Die Fahrt würde etwa eine halbe Stunde dauern, weiter lag Joels Restaurant
leider nicht von dem Stripclub entfernt, sie hatte auch nicht lange
bleiben wollen. Nur kurz Abschied nehmen. Doch Greg war schneller gewesen. Als
der Wagen an einer roten Ampel zum Stehen kam, drehte Greg sich um: „Was machen
wir jetzt mit dir? Anketten?“ Felice starrte auf die verregneten Straßen. Im
Licht der Scheinwerfer konnte man die Tropfen gut erkennen. „Ich werde nicht
wieder wegrennen. Es gibt keinen Grund mehr dafür.“ Greg lächelte im
Rückspiegel, „Habe ich mir fast gedacht.“ Als sie vor dem gelben Haus hielten,
öffnete sich die Haustür auch schon. Auf der Stufe stand das letzte Kind, dass
Greg besaß. Lora ist nie so gefügig und brav gewesen, wie Felice. Als Greg sie
vor drei Monaten eines Abends mit nach Haus brachte, schüttelte Doreen nur den
Kopf. „Es ist das letzte Mal.“ War sein einziger Kommentar zu dem neuen
Familienzuwachs. Lora war dort bereits vier Jahre als gewesen, letzte Woche ist
sie fünf geworden, behauptet sie zumindest. Seit den verschärften
Polizeikontrollen lässt Greg eigentlich keine Kinder mehr tanzen. Doch sie sei
ihm „so in die Arme gerannt, die Kleine“. Felice durfte seit Loras Einzug in das Haupthaus aus dem Mädchenzimmer
ausziehen und sich ein Zimmer mit dem Kind teilen, was Felice sehr gut passte.

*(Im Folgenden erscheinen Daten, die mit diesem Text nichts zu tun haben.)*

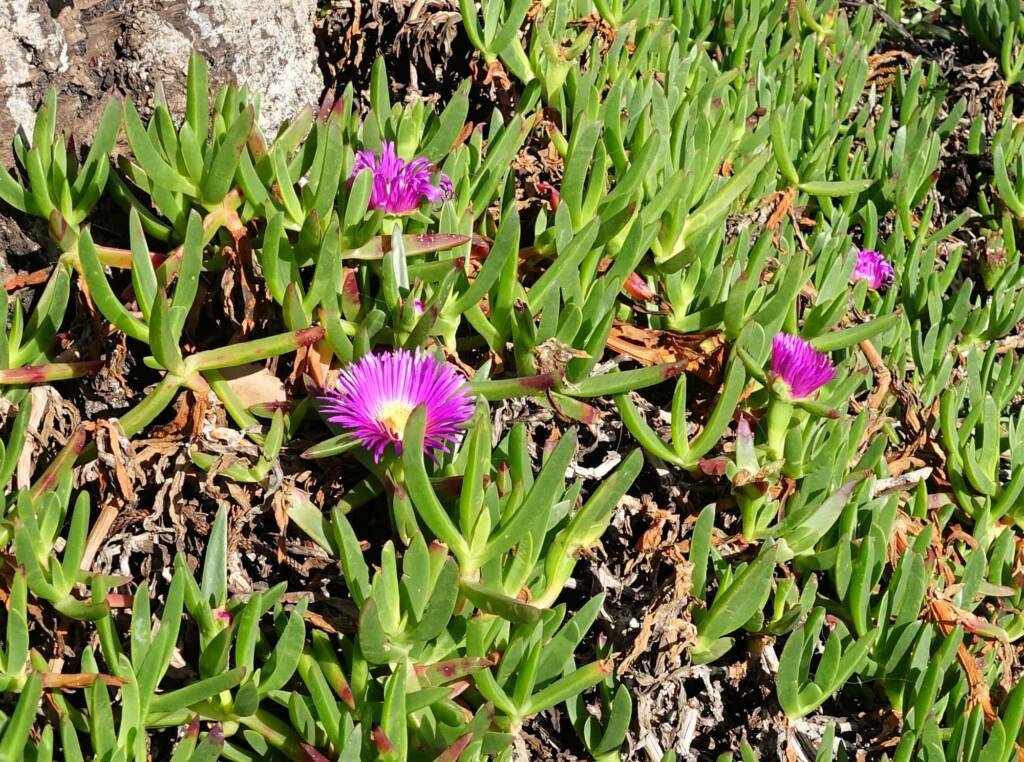 Pigface (Carpobrotus glaucescens), Dee Why, Northern Beaches NSW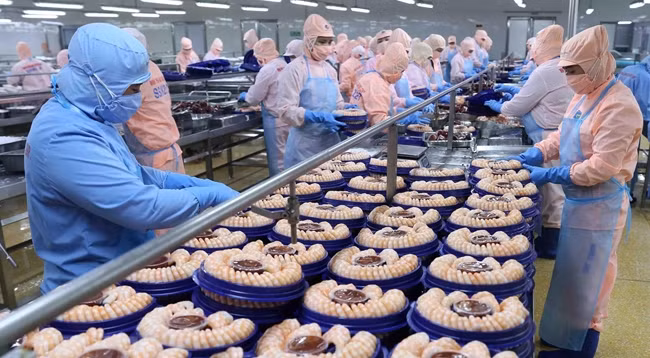 Стоимость экспорта креветок за июнь достигла примерно 402 млн долларов США. Фото: VNA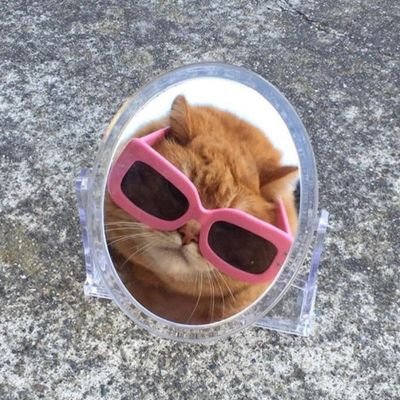 itegitimi's profile picture. 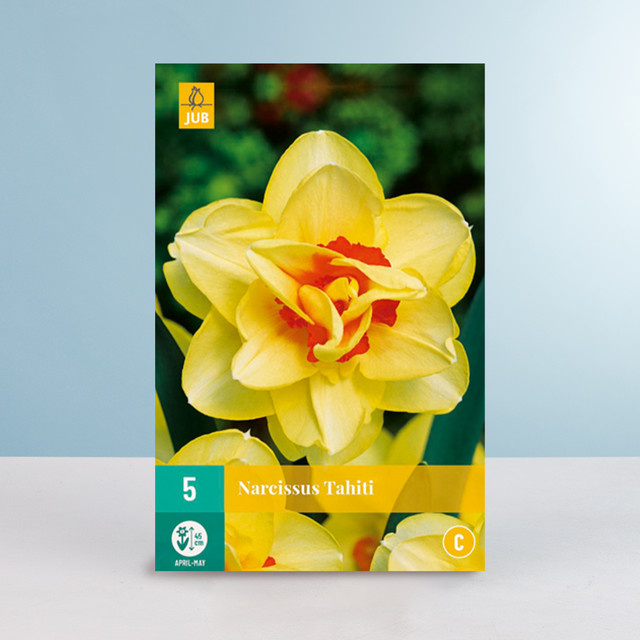 Gefüllte Narzisse Tahiti Blumenzwiebeln von BLUME2000, 5 Stück - Bild 1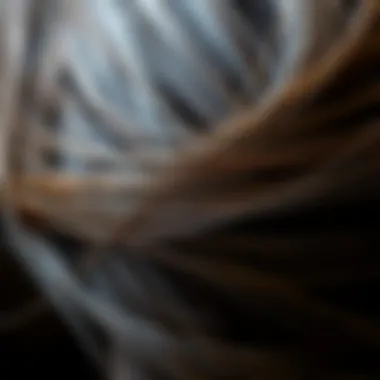 Understanding Split Ends in Hair Close-up of hair strands demonstrating split ends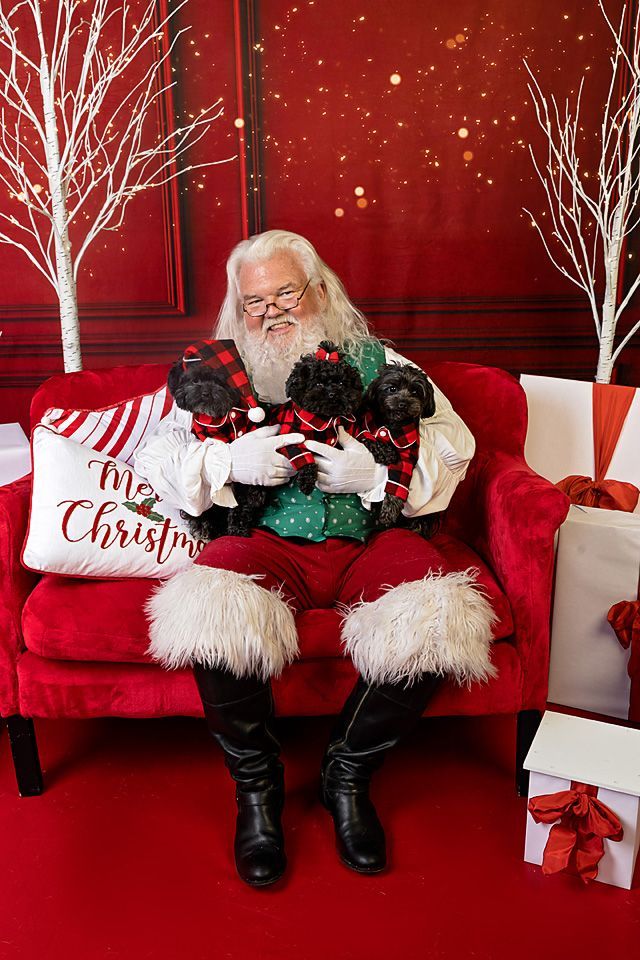 Santa Claus is sitting on a red couch holding three small dogs dressed in their plaid pajamas.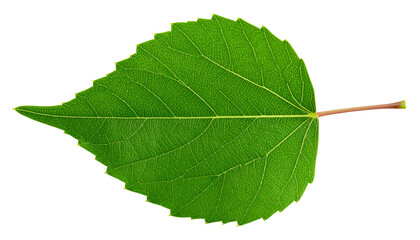 Vibrant Green Leaf: Close-up of a Single Aspen Leaf on White Background
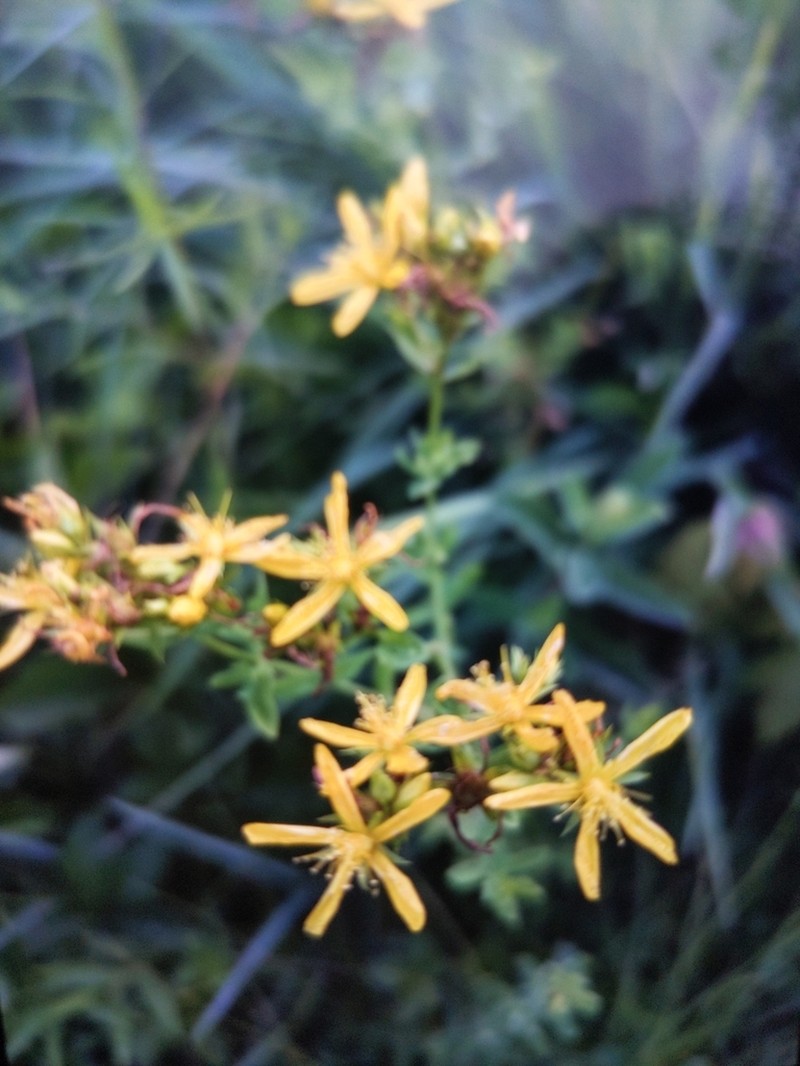 Bushy St. Johnswort photo 2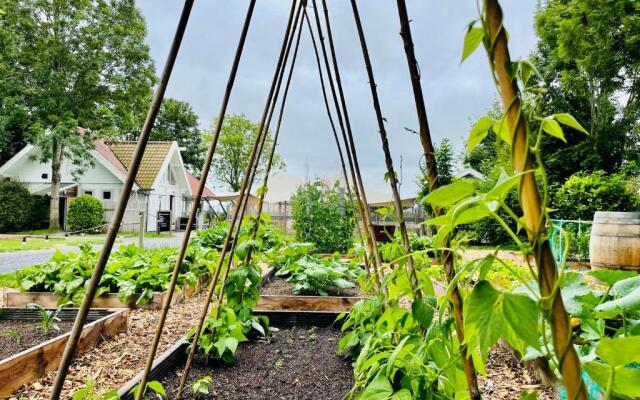 Tiny house - vakantiepark de Schreiershoek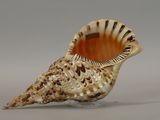 a shell that is sitting on top of a table
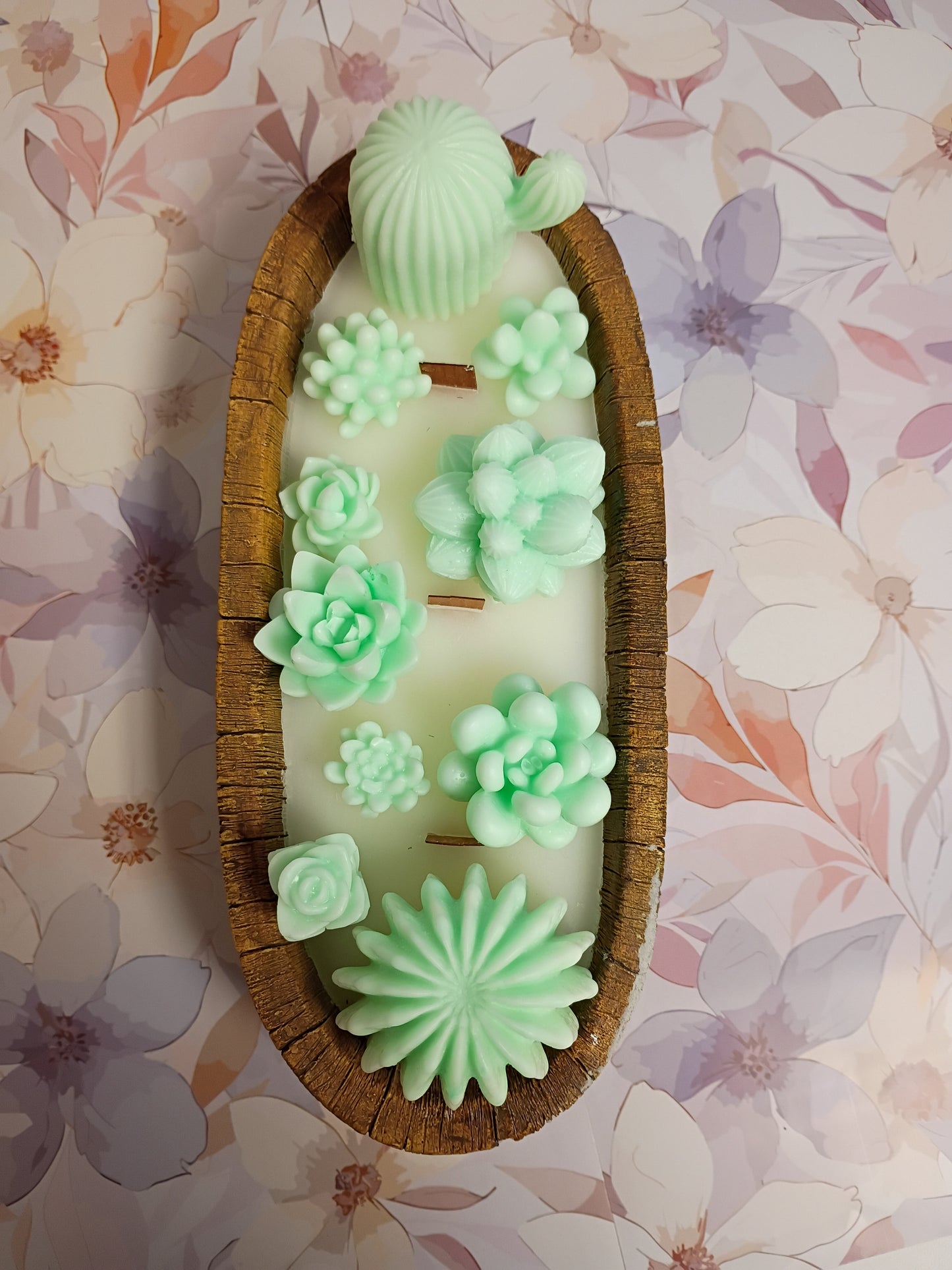 Green Velvet Woods Succulent Garden in Ceramic Bowl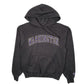 Mens Grey Champion Washington University Hoodie Jumper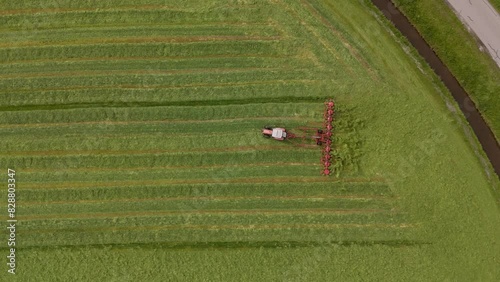 Harvesting Season: Aerial Shot of Tractor Shaking Grass on Farmland, topdown (ID: 828803347)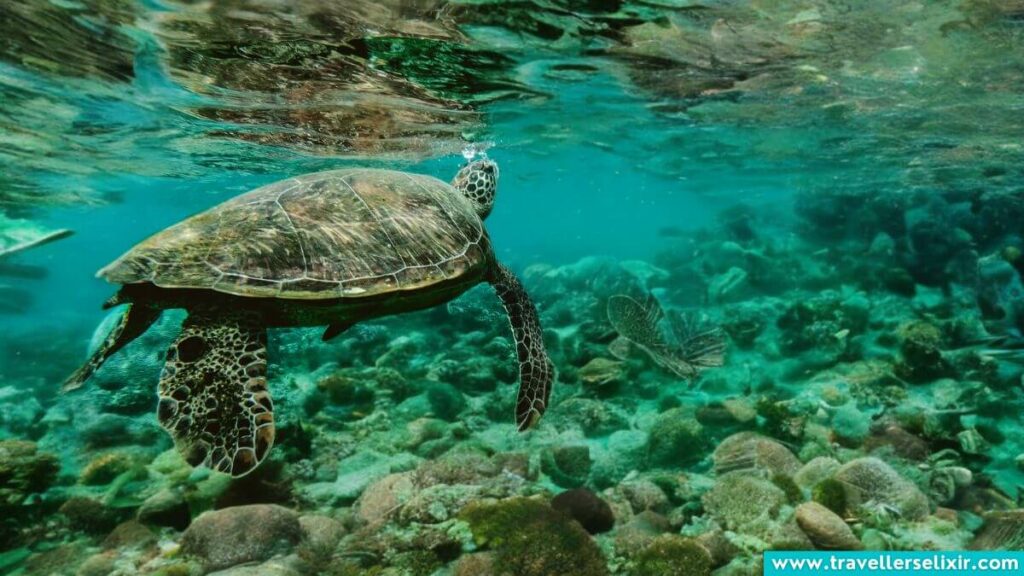 Turtles in Curacao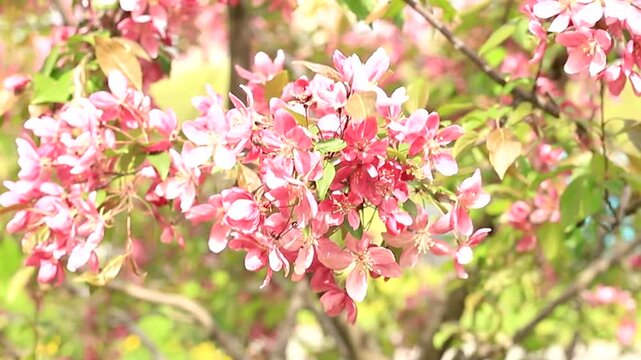 Close up of pink apple blossoms on a branch; delicate petals with hints of green leaves. Soft focus background highlights spring bloom of Malus floribunda. Slow motion footage.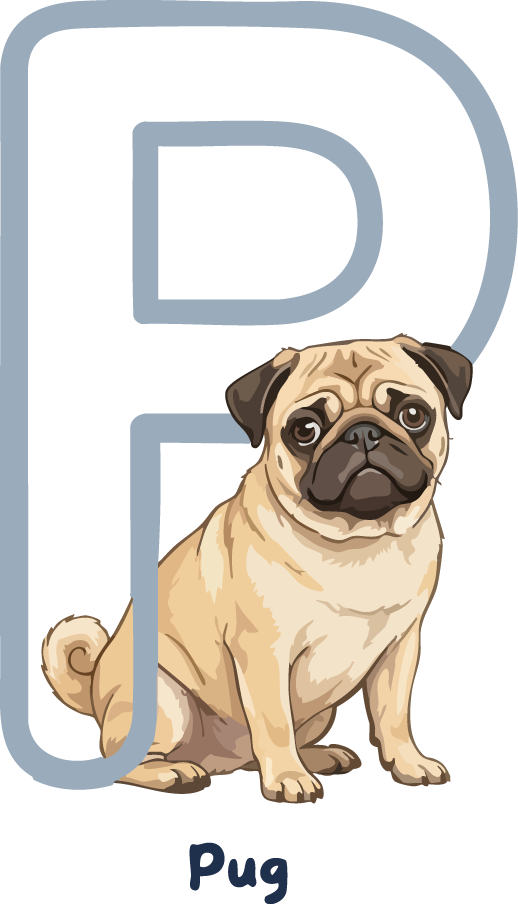 Pug Dog Breed Alphabet PNG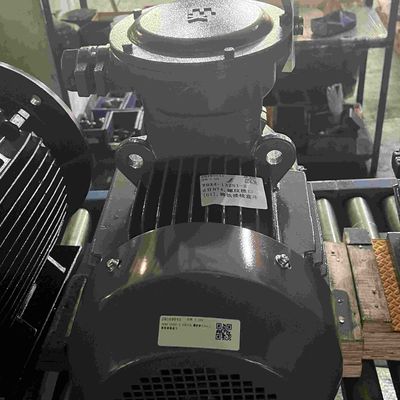 230V 1KW Low Voltage Electric Motors High Efficient RoHS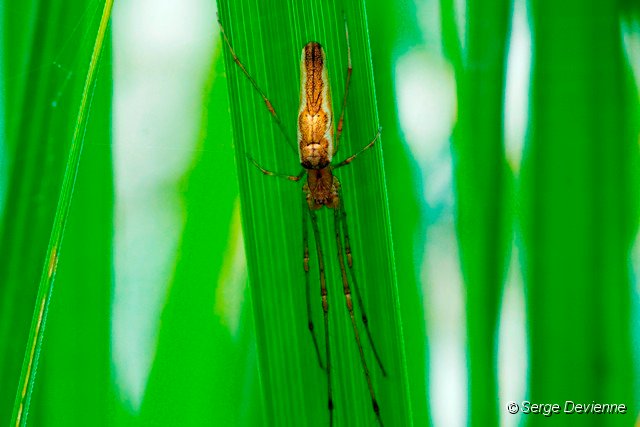 d221DSC02550rc_DxO.jpg - Tétragnathe étirée (araignée des roseaux).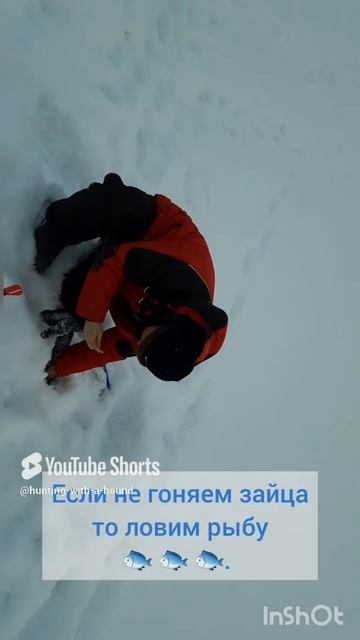Если не гоняем зайца то ловим рыбу 🐟 🐟 🐟. #рыбалка #fishing #щука#охотасгончей#топ #hunting #tro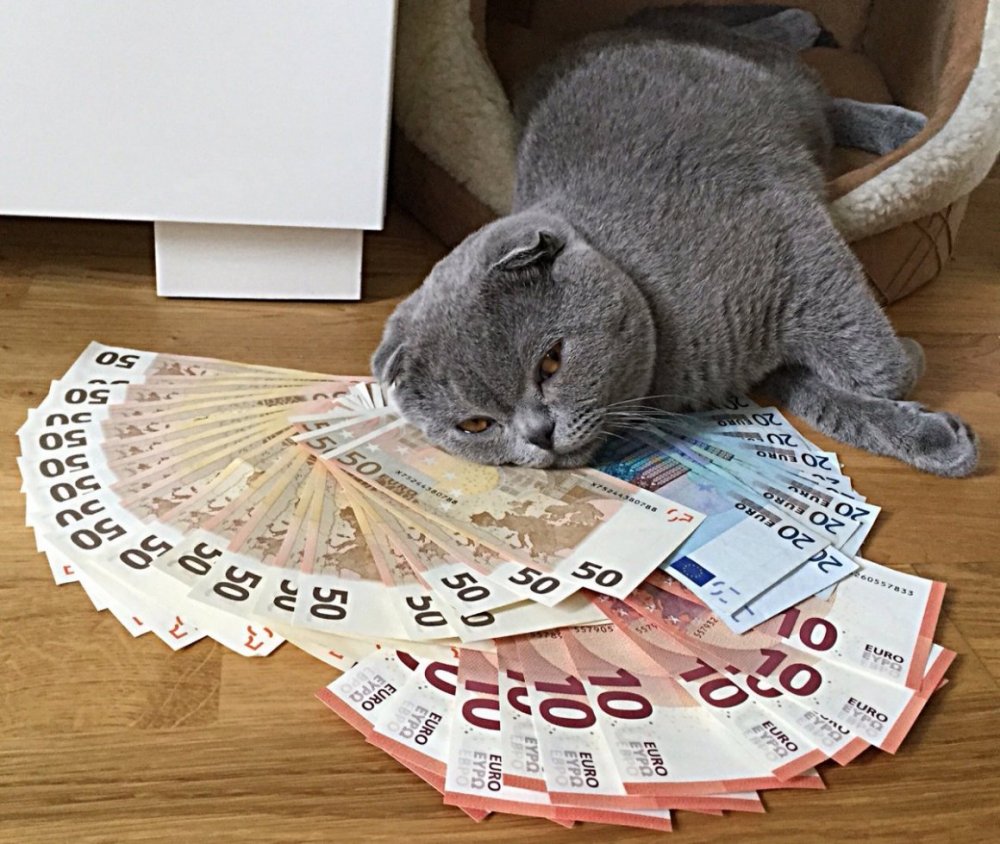 Кошка с деньгами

Die Mädchen, sieben Stripperinnnen, alle unter zweiundzwanzig, bespucken
Felice, schubsen uns beleidigen sie. Sie sind der Meinung, Felice dürfe nur
noch auf der Bühne stehen, weil sie „Papas Liebling“ sei – die Anderen brachte
Greg alle erst viel später, so mit sechszehn, siebzehn Jahren in den Club.
Die Rechte und die Verantwortlichkeit für diesen Beitrag liegen beim Autor (Nina Böhm).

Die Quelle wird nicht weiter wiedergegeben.